[Problem requirements] Restate word for word the section of the entries that opens at the line containing "Detail von Vintage-Goldohrringen" and closes at the line containing "Young curly haired", both lines kept, pictures dropped.

[Listed records]
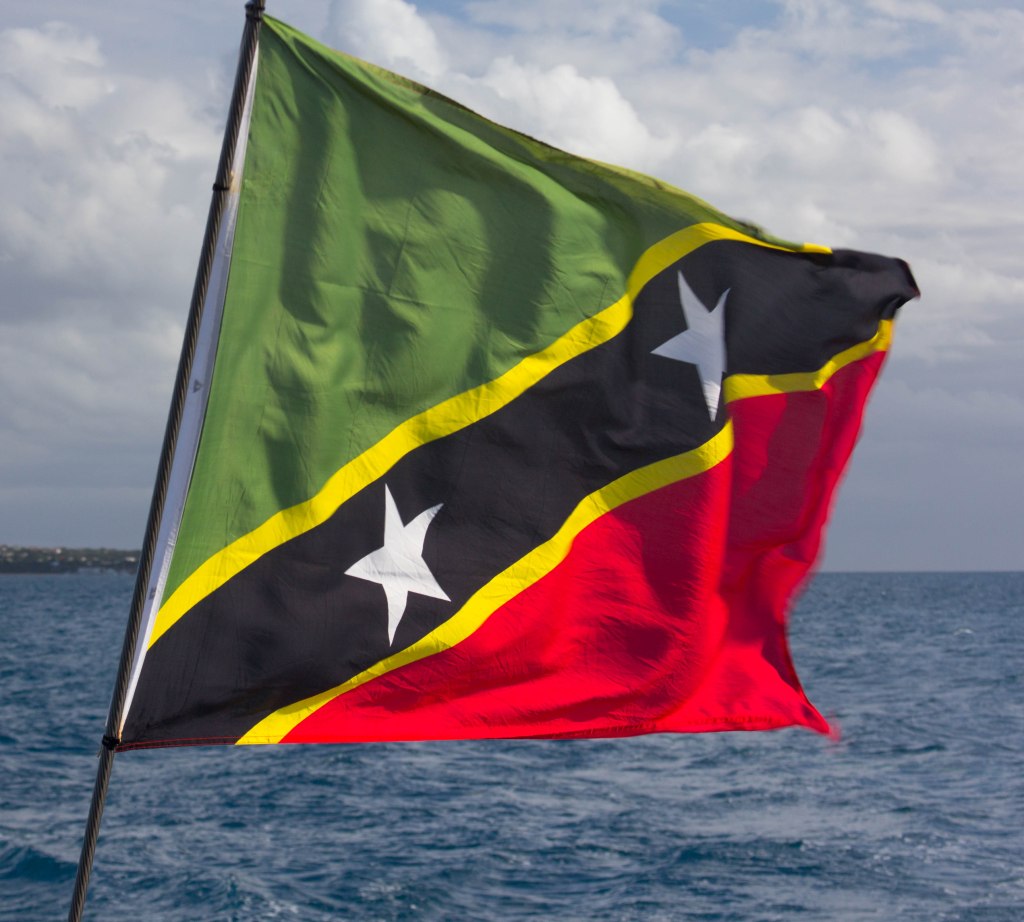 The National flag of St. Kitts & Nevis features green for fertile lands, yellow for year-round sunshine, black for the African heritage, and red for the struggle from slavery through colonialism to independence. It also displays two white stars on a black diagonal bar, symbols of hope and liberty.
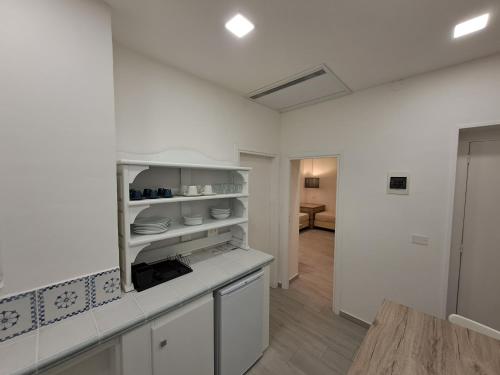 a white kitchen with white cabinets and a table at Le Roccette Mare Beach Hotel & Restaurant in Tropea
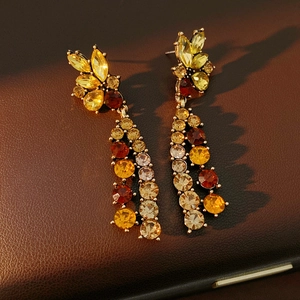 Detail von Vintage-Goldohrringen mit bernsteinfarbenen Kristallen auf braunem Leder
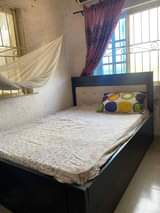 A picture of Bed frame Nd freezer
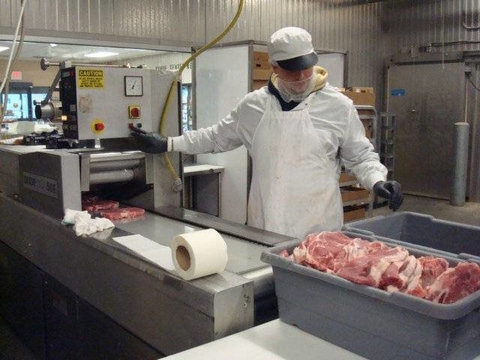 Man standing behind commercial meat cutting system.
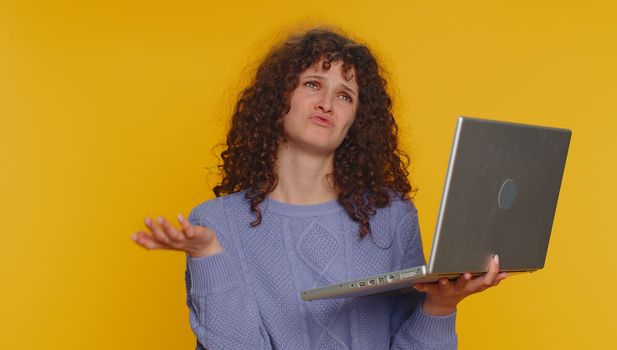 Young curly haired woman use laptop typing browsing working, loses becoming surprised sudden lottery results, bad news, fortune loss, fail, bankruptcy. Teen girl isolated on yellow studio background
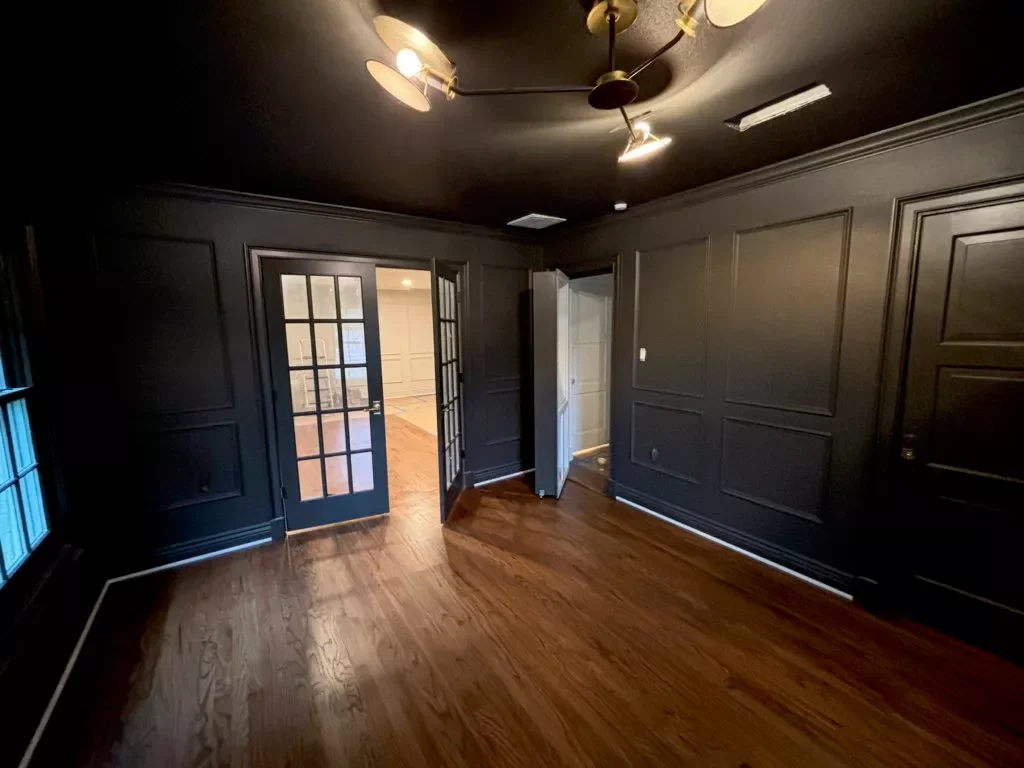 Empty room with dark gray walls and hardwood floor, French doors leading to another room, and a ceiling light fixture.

--

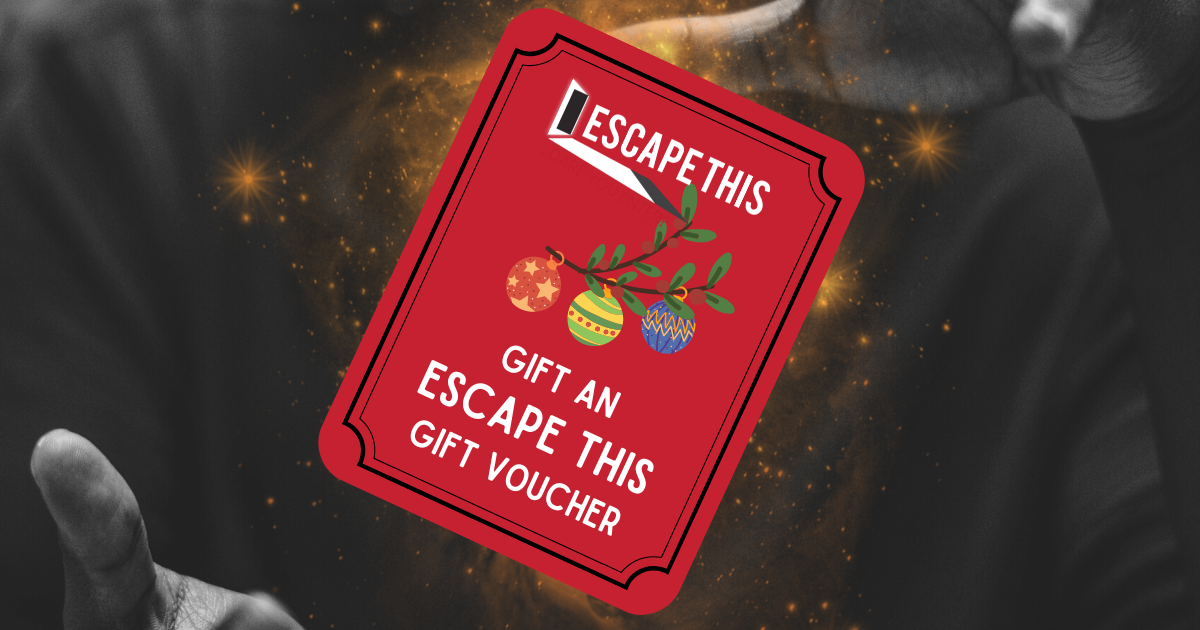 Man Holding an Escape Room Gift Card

[Output for this exercise]
 Detail von Vintage-Goldohrringen mit bernsteinfarbenen Kristallen auf braunem Leder
 A picture of Bed frame Nd freezer
 Man standing behind commercial meat cutting system.
 Young curly haired woman use laptop typing browsing working, loses becoming surprised sudden lottery results, bad news, fortune loss, fail, bankruptcy. Teen girl isolated on yellow studio background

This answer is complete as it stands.